それが、どこのかのタイミングで蒸溜技術が、修道院から民間へ流出して(例えば8~9世紀)、「大麦の醸造酒=エールビール」を蒸溜するようになって、『ウイスキーが誕生』したのではないか?と、チャーリー的には妄想してしまいます。

で、それがアイルランド発祥説の1つ、「ヘンリー2世のアイルランド遠征時の兵士の報告」へと繋がると、時系列の流れは完璧だと思うんですよね。

1172年
ヘンリー2世の兵士が土地の蒸留酒・ウスケボーについて報告をしたとされる(ネトルトンの書物などで紹介されるが、原典は不明)。

ウイスキーコニサー資格認定試験教本2021 下巻 P46
発行:ウイスキー文化研究所


ただ、この妄想の決定的な弱点は「物的証拠」がない点です。

修道院の遺跡などから『蒸溜器』などが発見されれば、かなり強い証拠となるのですが、この時期のアイルランドやスコットランドの遺跡からは、そのようなものは今のところ発見されていません。


■チャーリー流:ウイスキー誕生までのストーリー

物的証拠がないものの、チャーリー的にはこのように考えています。

◇チャーリー流:ウイスキー誕生ストーリー

・「ビール」「キリスト教」と同時期に「蒸溜技術」もアイルランドに伝わったのではないか?(推定6~7世紀頃)
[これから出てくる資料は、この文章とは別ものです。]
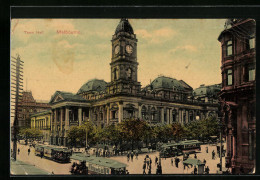 AK Melbourne, Town Hall, Strassenbahn  - Strassenbahnen
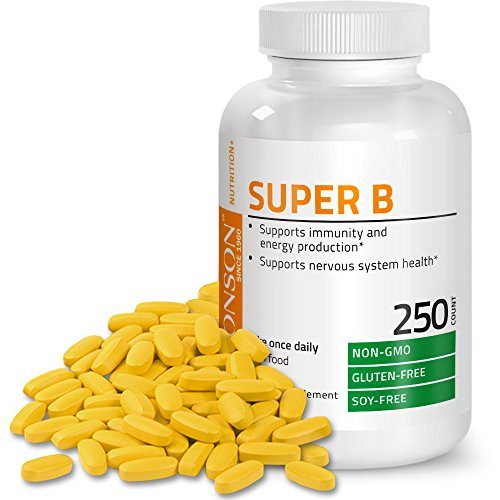 Bronson Vitamin B Complex (Vitamin B1, B2, B3, B6, B9 - Folic Acid, B12), 250 Tablets Supplement Bronson 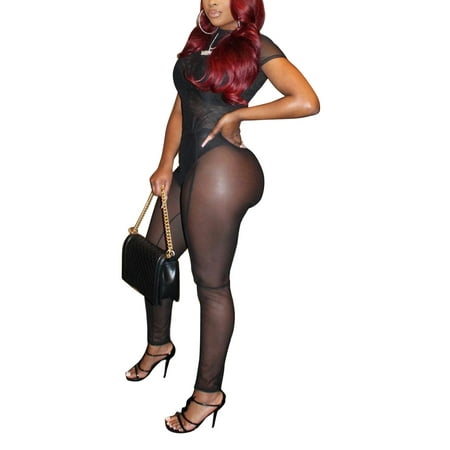 

EYIIYE Women Solid Color Short Sleeve Bodysuit and See-through Pants Set
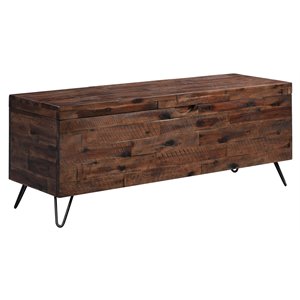 Belmont Home Hailey 46&quot Acacia Wood and Metal Storage Bench in Brown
・この時、アイルランドで誕生した「蒸溜酒=アクアヴィテ(ラテン語:命の水)=オスケボー(ゲール語:命の水)=スピリッツ」は、嗜好品としてのお酒ではなく、修道院の儀式などごく限られた範囲でのみ飲用されていたであろう。

・修道院内の儀式で飲用されていた蒸溜酒は、どこかの段階で民間に流出(推定8~9世紀頃)し、保存性向上の観点などから、一般民衆が嗜好品として飲用していた「エールビールを蒸溜」するようなり、『ウイスキー』が誕生した。

・次第に民間でも、普通に大麦原料の蒸溜酒(=ウイスキー)を飲むようになっていった。(推定10~11世紀頃)
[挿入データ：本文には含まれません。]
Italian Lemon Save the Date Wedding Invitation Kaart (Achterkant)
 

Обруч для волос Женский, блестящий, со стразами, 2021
では、アイルランドとスコットランドのどちらで先に「大麦の蒸溜酒=ウイスキー」が誕生したのか?

チャーリーには、アイルランドに軍配を上げます!

なぜなら地図を見ながら、キリスト教の伝来ルートを確認すると、そのようにしか思えないからです。

■キリスト教の伝播ルート

それでは、次回はキリスト教の伝播ルートを地図で確認してみたいと思います!

そろそろ最終回が迫って来ました。
もう少しだけお付き合いください!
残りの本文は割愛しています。